3. Предотвращение прелести

Знание причин и механизма возникновения различных видов прелести позволяет своевременно выявить и предотвратить ее развитие. Первым признаком прелести служит сомнение. Как указал Григорий Синаит, «все приходящее в душу, чувственное ли то или духовное, коль скоро сомневается в нем сердце, не приемля его, не от Бога есть, но послано от врага. Что от Бога, то само собою приходит, тогда как ты и времени того не знаешь» [II, т.5, с.233-234]. Святитель Игнатий Брянчанинов развивает эту мысль: «прелесть, когда приступает к человеку, мыслию ли, или мечтанием, или тонким мнением, или каким явлением, зримым чувственными очами, или гласом из поднебесной, слышимым чувственными ушами, — приступает всегда не как неограниченная властительница, но как обольстительница, ищущая в человеке согласия, от согласия его приемлющая власть над ним. Всегда действие ее, внутри ли оно, или снаружи человека, есть действие извне: человек может отвергнуть его. Всегда встречается прелесть первоначально некоторым сомнением сердца; не сомневаются о ней те, которыми она решительно возобладала.

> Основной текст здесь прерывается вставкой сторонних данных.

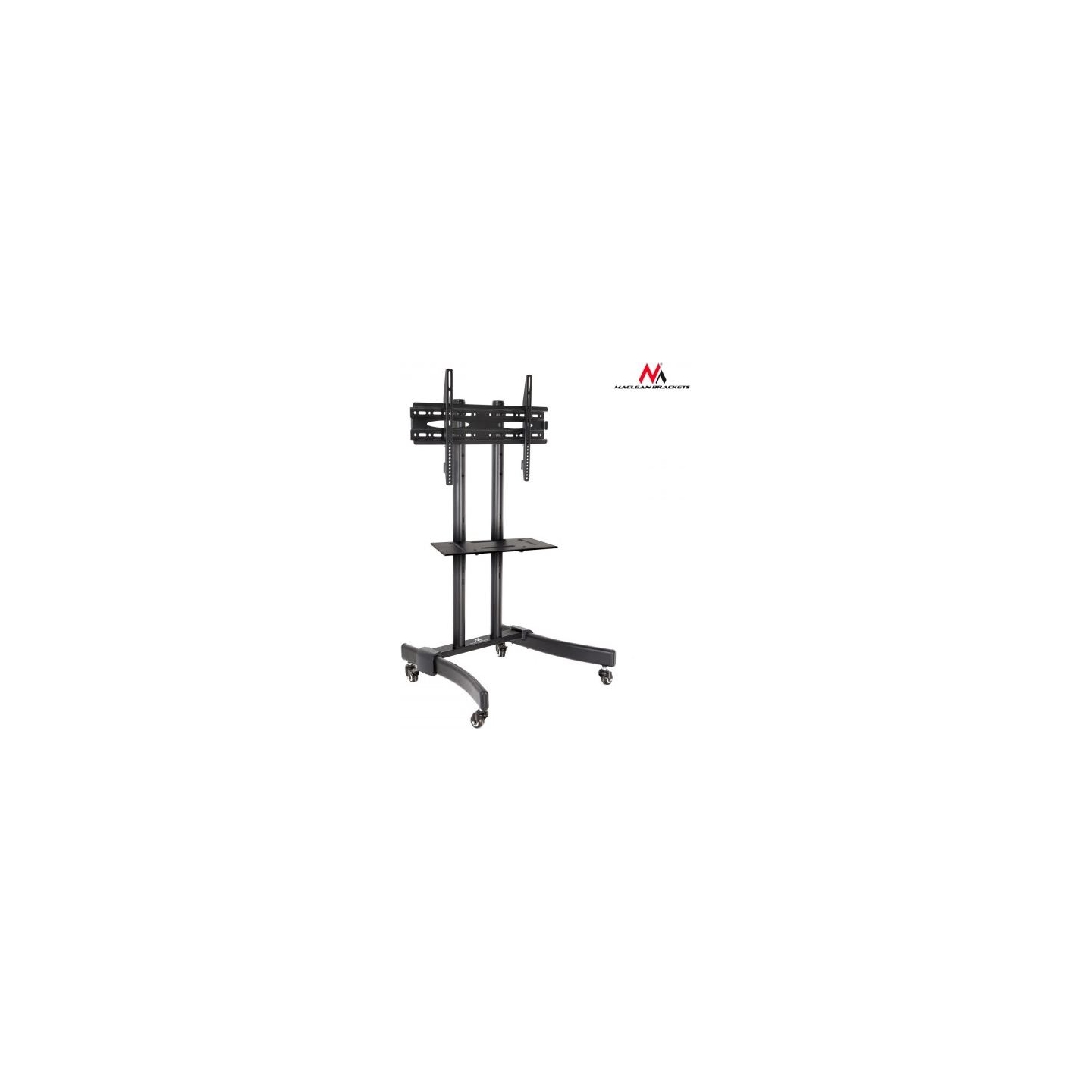 Maclean Professional TV stand trolley on wheels MC-739 max 40kg max 32-65 ''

Никогда не соединяет прелесть рассеченного грехом человека, не останавливает движения крови, не наставляет подвижника на покаяние, не умаляет его пред ним самим; напротив того возбуждает в нем мечтательность, приводит в движение кровь, приносит ему какое-то безвкусное, ядовитое наслаждение, тонко льстит ему, внушает самомнение, устанавливает в душе идол я» [3, с.319].

Поэтому Григорий Синаит советует: «никогда не принимай, если что увидишь чувственное или духовное, вне или внутри, хотя бы то был образ Христа, или Ангела, или святого какого, или бы свет мечтался и печатлелся в уме. Ум и сам по себе естественную имеет силу мечтать и может легко строить призрачные образы того, что вожделевает, у тех, кои не внимают сему опасно и таким образом сами себе причиняют вред. Также и память о добрых и худых вещах обыкновенно вдруг печатлеет в уме образы их, и вводит его в мечтание. Тогда испытывающий сие бывает уже мечтателем, а не безмолвником. Сего ради надлежит внимать сердечному действу, как незаблудному, все же прочее не принимать, до времени умирения от страстей. Бог не негодует на того, кто тщательно внимает себе, если он из опасения прельщения не приимет того, что от Него есть, без вопрошения и должного испытания, но паче похваляет его, как мудрого» [II, т.5, с.224].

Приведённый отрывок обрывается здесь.